━━━━━ DATA EXCERPT ━━━━━
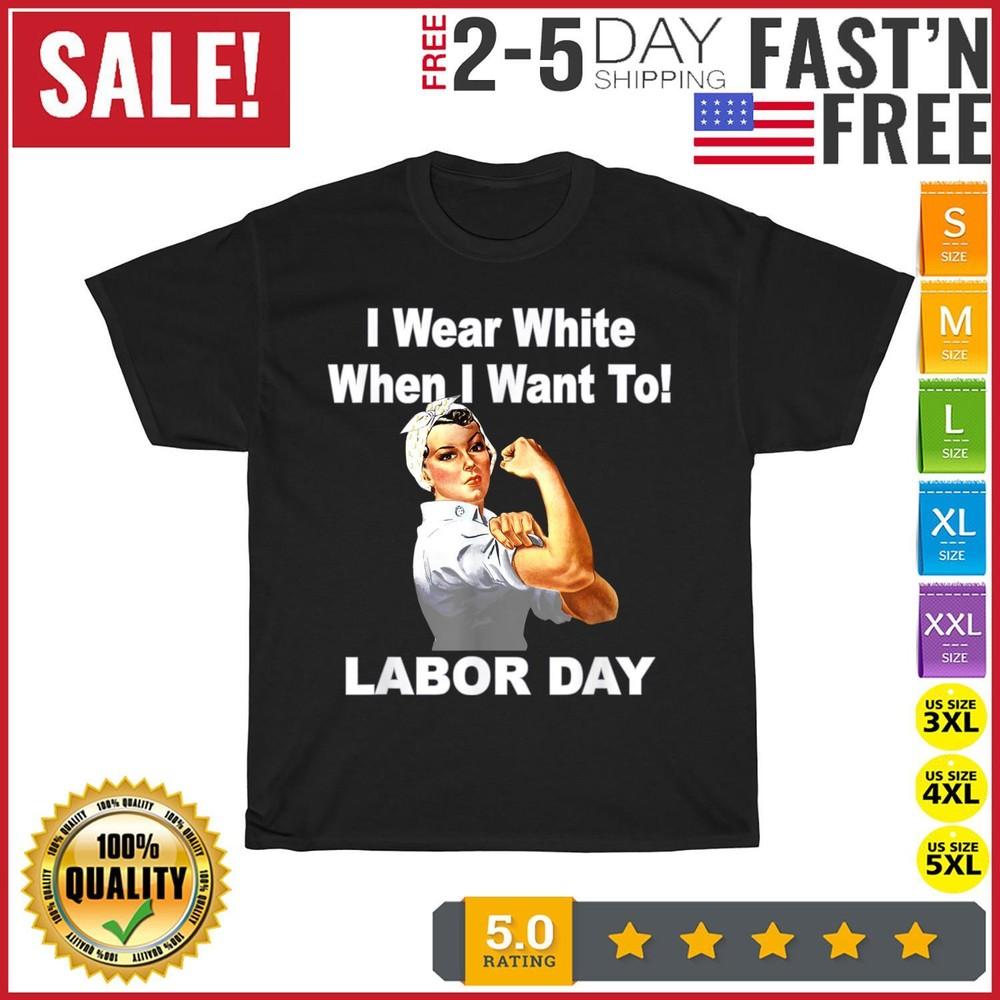 Rosie the Riveter Labor Day Vintage T Shirt Men Fashion 2023 Women T Shirt Short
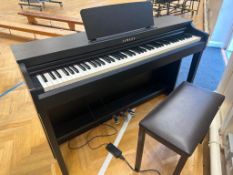 Yamaha Clavinova CLP-525 Digital Piano, With Power Supply & Stool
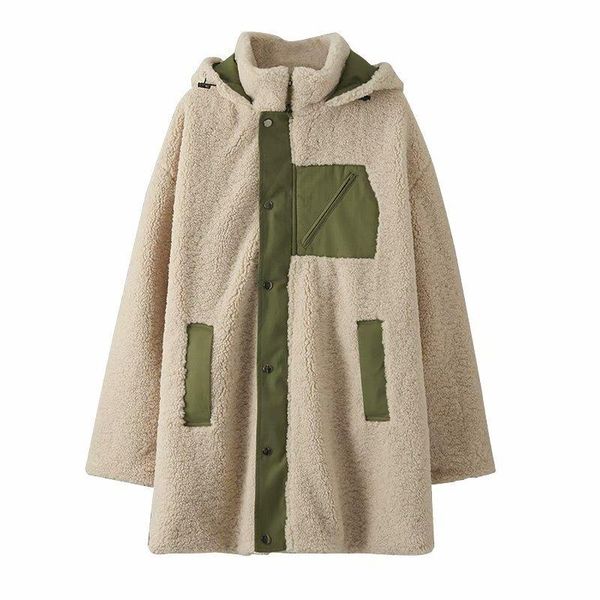 women's jackets fashion in europe and the wind of fund 2021 autumn winters is easy leisure long imitation lambs wool coat, Black;brown
women's jackets fashion in europe and the wind of fund 2021 autumn winters is easy leisure long imitation lambs wool coat, Black;brown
━━━━━
TASK DIRECTIONS = Leaving the pictures behind, return every line above exactly.

EXERCISE RESULT =
 Rosie the Riveter Labor Day Vintage T Shirt Men Fashion 2023 Women T Shirt Short
 Yamaha Clavinova CLP-525 Digital Piano, With Power Supply & Stool
 women's jackets fashion in europe and the wind of fund 2021 autumn winters is easy leisure long imitation lambs wool coat, Black;brown
women's jackets fashion in europe and the wind of fund 2021 autumn winters is easy leisure long imitation lambs wool coat, Black;brown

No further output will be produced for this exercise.